Is Iron Ore Demand Boom Topping Out?

  • May 10, 2019 AEST
  • Team Kalkine
Is Iron Ore Demand Boom Topping Out?

Iron ore prices are revolving around the level of $94 from past few trading sessions amid mixed fundamentals in the global market.

The prices of Iron ore fines 62% Fe futures on Chicago Mercantile Exchange (CME) settled at US$94.24 (as on May 9th, 2019) and closed on Dalian Commodity Exchange at RMB 644.50 (as on May 9th), up by 0.23% as compared to its previous close. The prices of iron ore are currently trading at US$94.27 (as on May 10th, 2019, GMT-4 4:52 AM), up by 0.03% as compared to its previous close on CME.

In the current scenario, the steel inventory in China is either building or declining at a lesser rate.

The social and mills inventories of hot-rolled coil (HRC) steel is ramping up. As per the data, the overall HRC inventory increased by 0.2% from 5th to 9th May to stand at 3.04 million metric tonnes (as of May 9th). The increase marked a rise for the second consecutive week, as the overall (including Social and Mills) HRC stockpiles climbed by 2.7% between 25th April to 5th May.
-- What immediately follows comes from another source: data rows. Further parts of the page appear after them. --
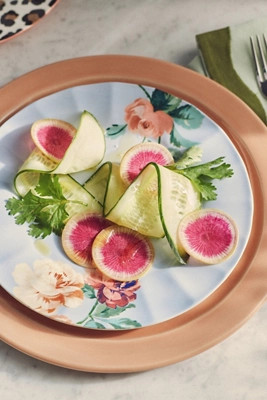 Maeve Chintzware Stoneware Dessert Plate | Anthropologie (US)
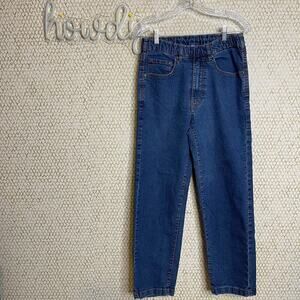 Vintage Active Joe Elastic Waist Pull On 5 Pocket Boot Cut Skinny Jeans Size S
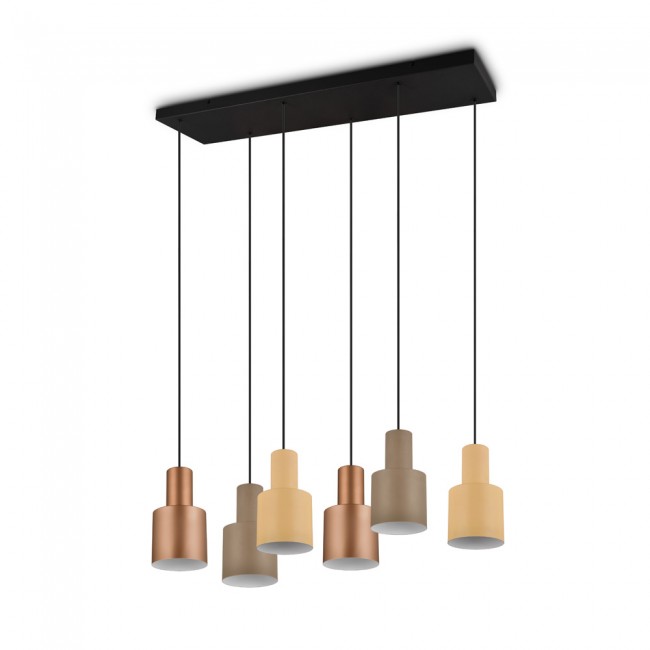 Lámpe a suspension Agudo (6 Lumieres)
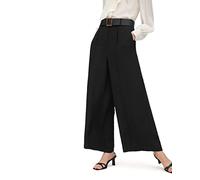 LilySilk Damen Reine Seidenhosen 30 Momme Weitbeinige Lange Hose(SCHWARZ,46)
An increase in social warehouses inventories is mainly driving the overall gain in the HRC steel inventory. As per the data, the social inventory inched up by 1.9% and stood at 2.13 million metric tonnes for the week ended May 5th, 2019. On the other hand, stock across steel mills fell by 3.6% during May 5th to 9th, as compared to the previous week to stand at 911,300 metric tonnes.

The rise in inventory along with the production ban in Tangshan could hamper the procurement of iron ore by the Chinese mills, which in turn, could exert pressure on iron ore prices.

Apart from a rise in the inventory of HRC, China is also noticing a falling rate of decline in long-steel segment. The purchase of steel-rebar (long-steel) post-Labour Day reduced the steel rebar inventories, albeit, the reduction in inventory was much less as compared to the decline on the week before the holidays in China.

As per the data, the overall rebar inventories dropped by just 1.8% and stood at 8.37 million metric tonnes (as on 9th May), as compared to a drop of 4.4% two weeks ago.

The gain in inventory coupled with a pressure from the bilateral disagreement between the United States and China could hamper the high steel prices in the global market, which in turn, in a cascade could hurt the sentiments of iron ore procurers.

In a nutshell, the steel inventory in China is picking up, and significant steelmaking provinces in China is witnessing a suspension amid smog alert, which in turn, could reduce the iron ore demand. Apart from that, the expected fall in steel prices by the market participants amid U.S-China trade war could prompt the mills to restore the production to the normal levels, which could further add to a fall in iron ore demand.

On the supply side, the vale production loss is currently indemnified by the latest shipment arrivals across the Chinese ports from Brazil, and mills are still holding high inventory of the iron ore, which could further stop them to procure more iron ore on such high prices.